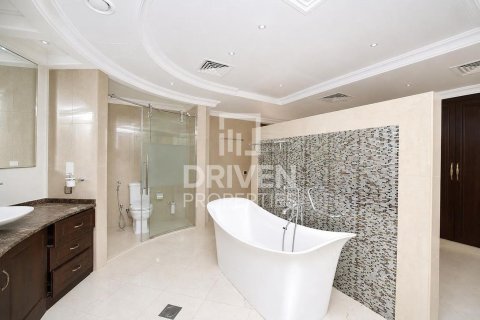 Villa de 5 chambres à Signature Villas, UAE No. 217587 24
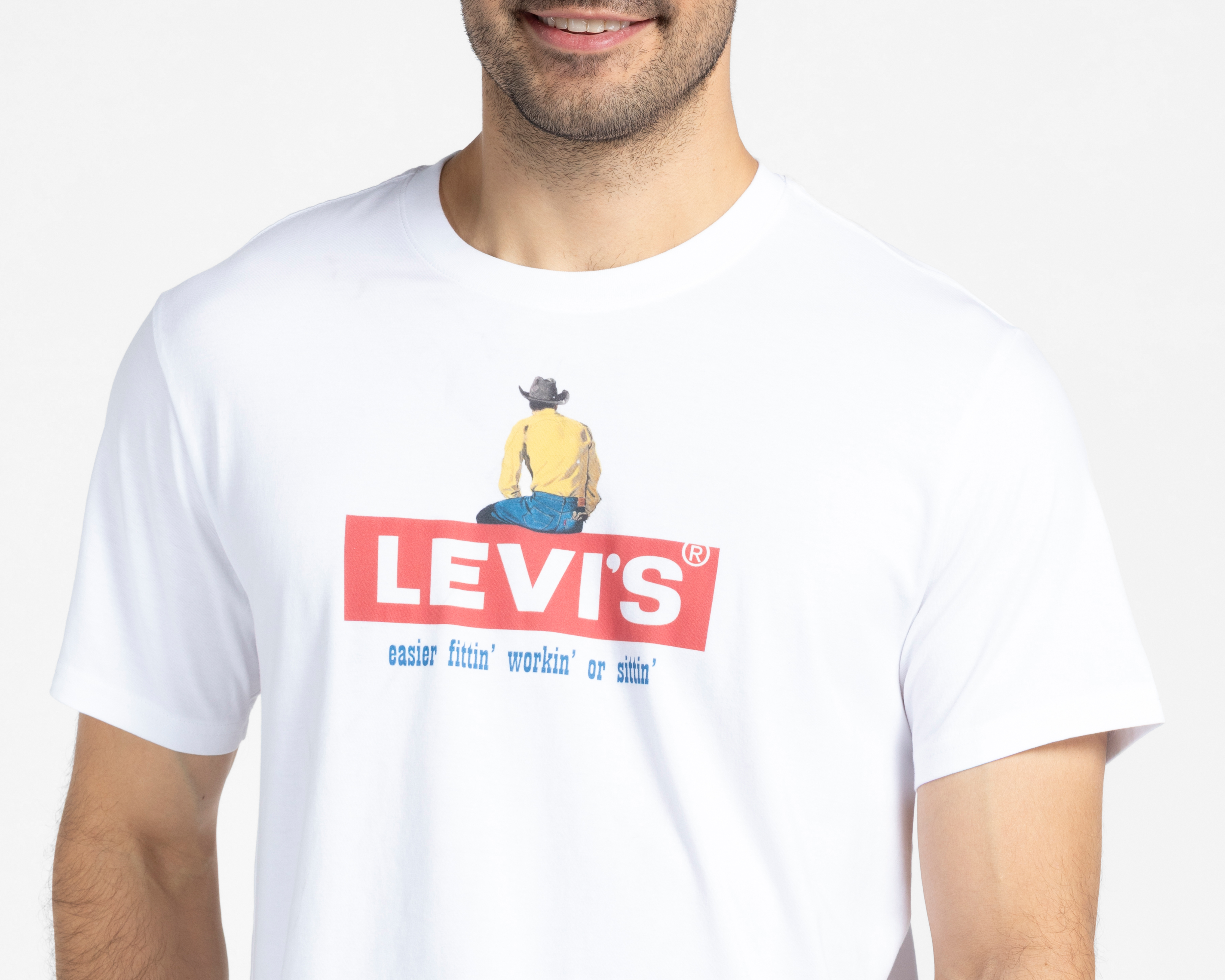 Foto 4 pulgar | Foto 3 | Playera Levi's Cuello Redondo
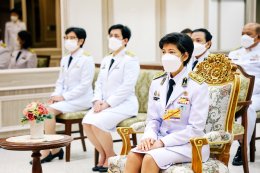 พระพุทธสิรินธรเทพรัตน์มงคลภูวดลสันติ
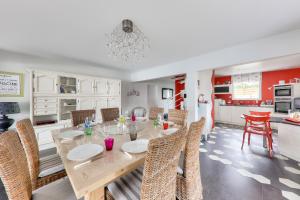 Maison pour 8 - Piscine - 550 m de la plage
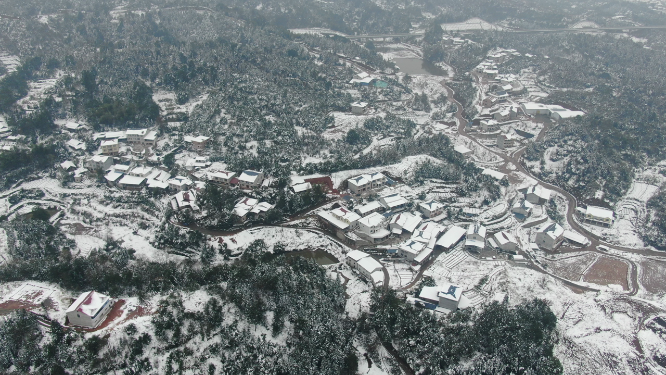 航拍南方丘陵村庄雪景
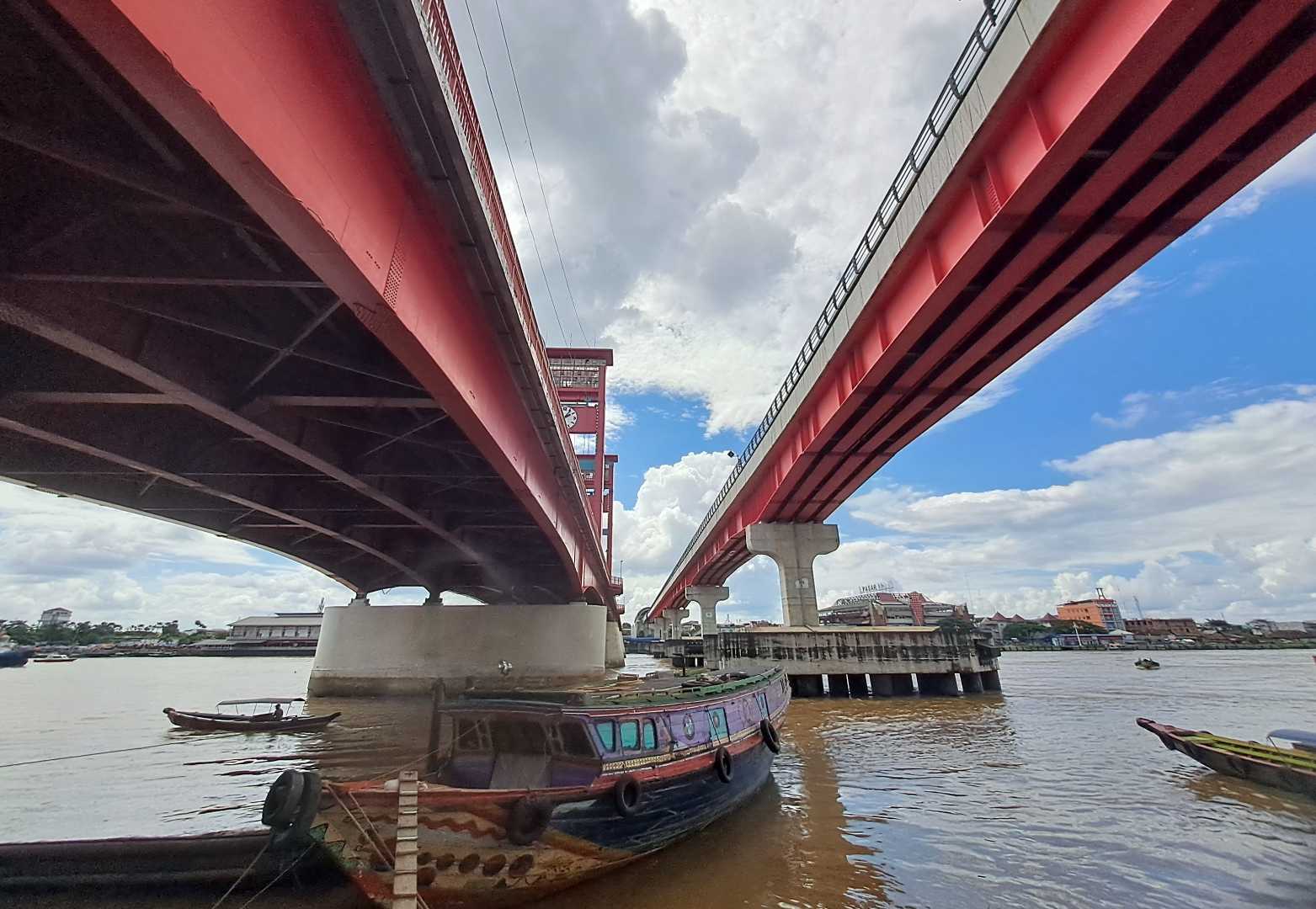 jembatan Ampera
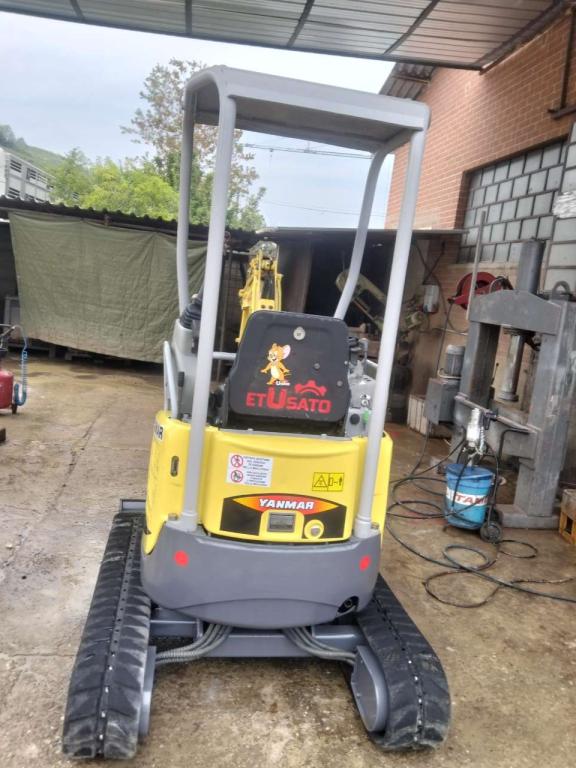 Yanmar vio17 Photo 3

━━━━━━━━━━━━━━━━

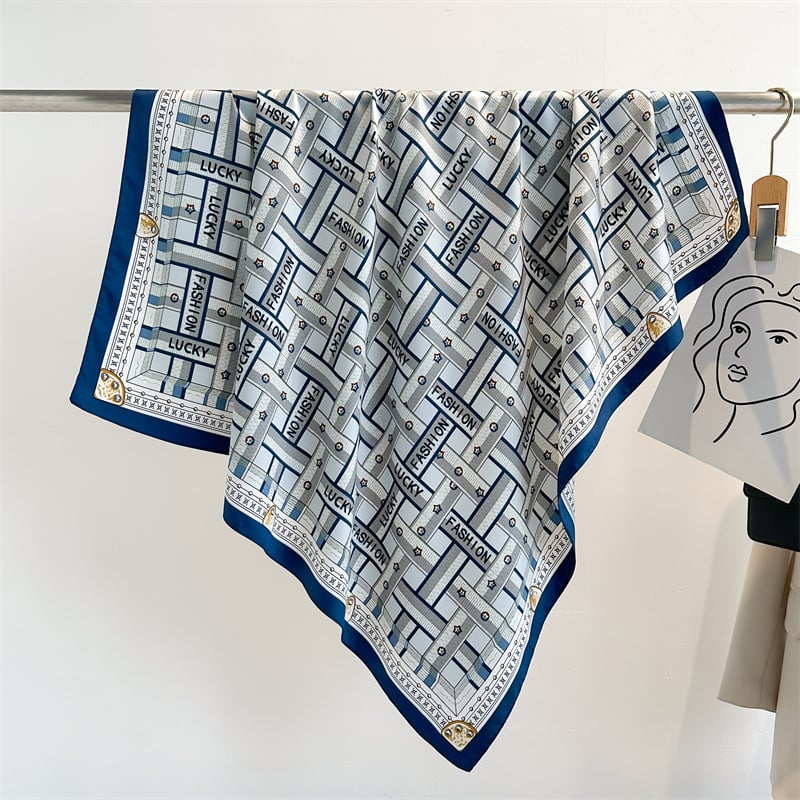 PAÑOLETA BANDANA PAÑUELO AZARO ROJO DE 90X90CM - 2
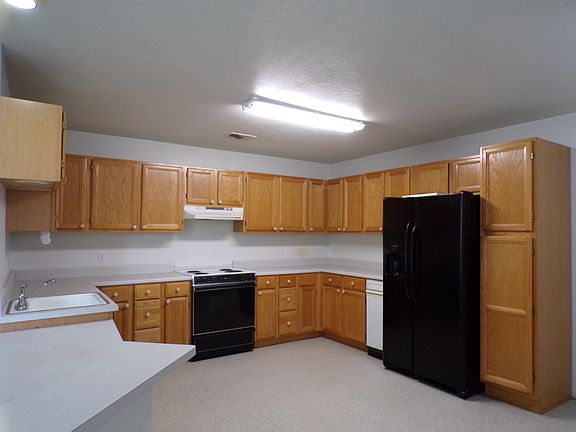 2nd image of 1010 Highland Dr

━━━━━━━━━━━━━━━━

# Assigned task
Everything from the line with "PAÑOLETA BANDANA PAÑUELO" down to the line with "2nd image of 1010 Highland Dr" in the data above should be copied exactly, with both end lines kept and the pictures left out.

# Output below
 PAÑOLETA BANDANA PAÑUELO AZARO ROJO DE 90X90CM - 2
 2nd image of 1010 Highland Dr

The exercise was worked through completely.